When would you choose to use MANUAL vs not? Aren't both options really the same (i.e. intermediate updates held in database uncommitted vs in the session bean)?
I'm really confused. -
11. Re: Conversations
gavin.king Jan 24, 2007 2:22 PM (in response to vk101)This is basic Hibernate. The FlushMode controls when changes are sync'd to the database, and if you look at the documentation on the FlushMode class, you will see a precise definition of each mode. By default, all changes are flushed before the end of a transaction, which usually means that they are flushed in each request.
If you end a FlushMode.MANUAL conversation without explicitly flushing the persistence context then yes, of course the changes are lost.

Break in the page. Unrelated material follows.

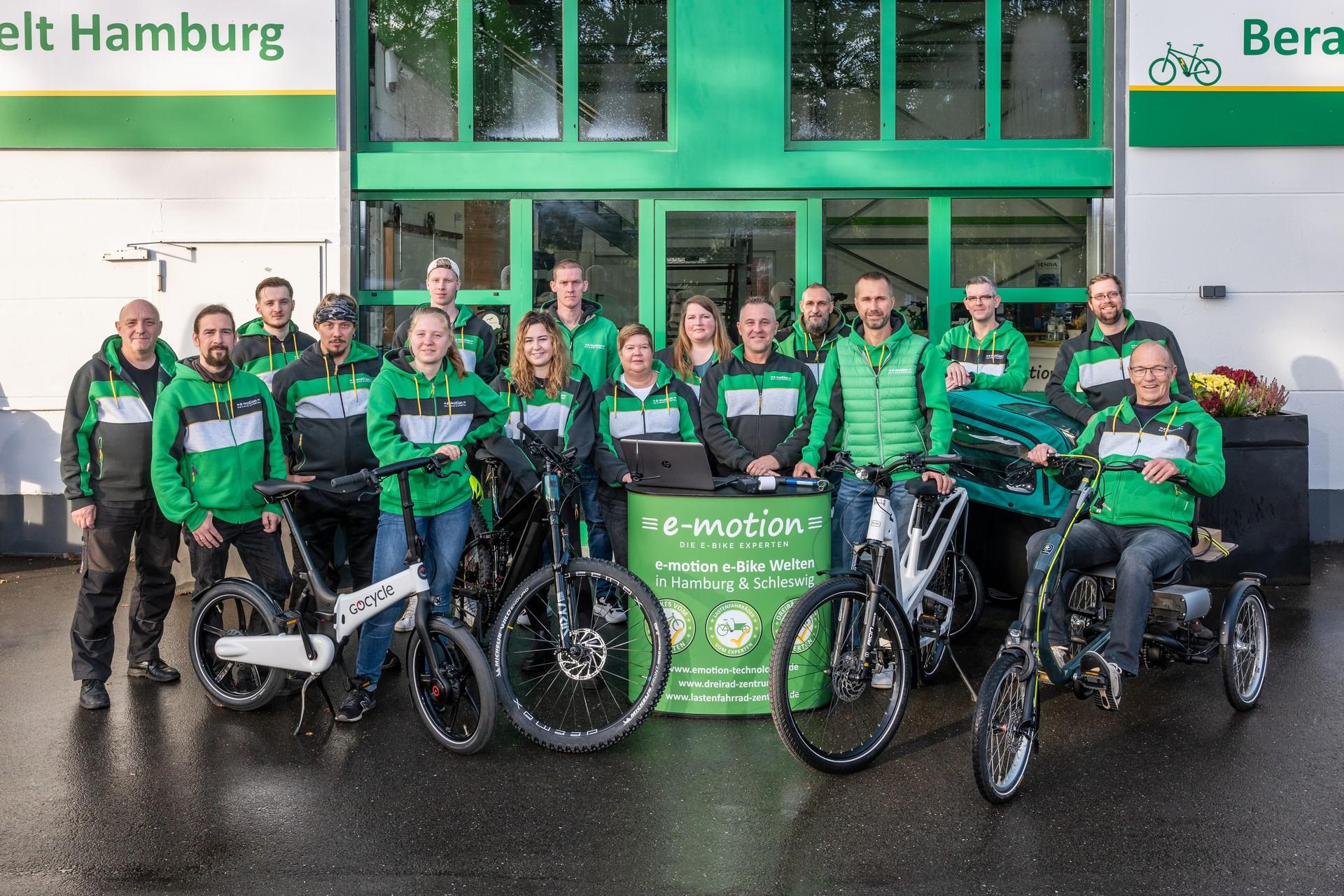 Das Bild zeigt das Team von e-motion Hamburg in grüner Jacken gekleidet und umgeben von verschiedenen e-Bikes.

This is useful. -
12. Re: Conversations
vk101 Jan 24, 2007 5:40 PM (in response to vk101)Thanks, that description cleared that up.
Let's say you have a conversation with several methods (one method called per request) and I use FlushMode.COMMIT/AUTO. If the first few requests in the conversation access a NEVER or NOT_SUPPORTED action method, and the next request accesses a REQUIRES (or similar) action method, would the persistence context be flushed when that REQUIRES method successfully returns?
Or would changes be flushed after every request because of the fact that there's always a transaction?use two transactions per request; the first spans the beginning of the update model values phase until the end of the invoke application phase; the second spans the render response phase
How do the transactions from the quote above relate to the transactions specified by the transaction attributes?
If somebody could please lay this all out for me that'd be wonderful...I've been reading the Seam and Hibernate sections on transactions, but now I just need to ask a human... -
13. Re: Conversations
gavin.king Jan 24, 2007 6:28 PM (in response to vk101)Let's say you have a conversation with several methods (one method called per request) and I use FlushMode.COMMIT/AUTO. If the first few requests in the conversation access a NEVER or NOT_SUPPORTED action method, and the next request accesses a REQUIRES (or similar) action method, would the persistence context be flushed when that REQUIRES method successfully returns?
Yes.Or would changes be flushed after every request because of the fact that there's always a transaction?
If there is no container transaction, or Seam-managed transaction, the changes will not be flushed.